JAKARTA – Ahmad Riyadi
Pengurus Pimpinan Pusat Aksi Pemuda Ansor
Tahun 2000 di tempat Mojokerto, pribadi kader Banser memeluk bom yang akan meledakkan Gereja Jemaat Pantekosta Indonesia Eben Haezer. Tubuh Riyanto hancur, kepingan-kepingannya menjadi reinkarnasi kemanusiaan yang digunakan abadi.
Menjaga gereja bagi Banser adalah menjaga Indonesia. Sejak perintah itu dikeluarkan Gus Dur pada 1996 kala kerusuhan dalam Situbondo terjadi, Banser masih berada juga menjaga Gereja, diminta ataupun tidak.
Perintah itu menemukan tubuh ideologisnya, akibat menjaga gereja yang mana ada pada Indonesia sebanding juga menjaga Indonesia, dikarenakan gereja yang digunakan dijaganya berada di area Indonesia. Konstruksi yang tersebut koheren dengan semangat wathaniyah, persaudaraan kebangsaan atau mencintai negara adalah praktek kemudian sikap di iman.
Buktinya, kendati tubuhnya sudah ada hancur, tak sedikit pun menciptakan getir sahabat Banser untuk tetap memperlihatkan pada pendirian menjaga gereja, bahkan di dalam sedang makian kelompok-kelompok lain.
Mungkin ini juga yang mana menjadikan umat yang tersebut ingin melakukan ibadah pada gereja tak merasa khawatir. Mereka penuh penghormatan merasa aman dikarenakan ada saudara-saudara kemanusiaannya yang dimaksud berpartisipasi secara sukarela mengakui perbedaan yang tersebut diyakininya.
Etalase harmoni antara yang berbeda dari Sabang hingga Merauke jelas menunjukkan welas asih dengan hidup berdampingan. Dan inilah yang kian menegaskan, bahwa paksaan, persekusi hingga kekerasan bukan lagi relevan dilaksanakan di dalam sedang kebhinekaan.
Karena kekerasan demi kekerasan yang tersebut dijalankan untuk tujuan ekspansif serta menguasai, atau bahkan memperoleh kebenaran sepihak, justru menghadirkan sebaliknya.
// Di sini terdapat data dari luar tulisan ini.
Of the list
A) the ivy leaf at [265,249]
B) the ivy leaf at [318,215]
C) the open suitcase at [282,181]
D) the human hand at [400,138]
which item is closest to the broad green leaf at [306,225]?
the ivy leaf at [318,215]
Mereka menjadi rahim lahirnya kebencian, disintegrasi hingga permusuhan yang mana beban madaratnya lebih banyak banyak.
Tidak heran, apabila negara Israel tak sejumlah memperoleh kedamaian setelahnya habis-habisan membombardir Palestina. Militansi rakyat Palestina, hingga pejuang kemanusiaan, mayoritas negara dunia malah tebal mengutuknya.
Maka demikian pada konteks warga yang mana dirundung konflik, Gus Dur (2002) memandang jalur perundingan lebih tinggi mulia untuk menyelesaikan tumpukan masalah, ketimbang besing rudal kemudian kekerasan yang mana justru menyebabkan korban lebih besar banyak dengan kerusakan-kerusakan mengorkestrasi kesedihan.
Christus Vivit
Apabila kekerasan justru mengakibatkan konflik yang mana lebih tinggi buruk lagi bagi kemanusiaan, maka jalur-jalur dialog serta perundingan bisa jadi menjadi pintu dibukanya perdamaian. Sedikitnya itulah yang digunakan penulis amati ketika organisasi kepemudaan lintas iman bekunjung mendatangi Paus Fransiskus menjauhi kehadirannya ke Indonesia pada 3-6 September. Mereka para pemuda menghadirkan Deklarasi Jakarta-Vatikan yang tersebut merupakan kristalisasi poin 3 Dokumen Abu Dhabi, tahun 2019 silam.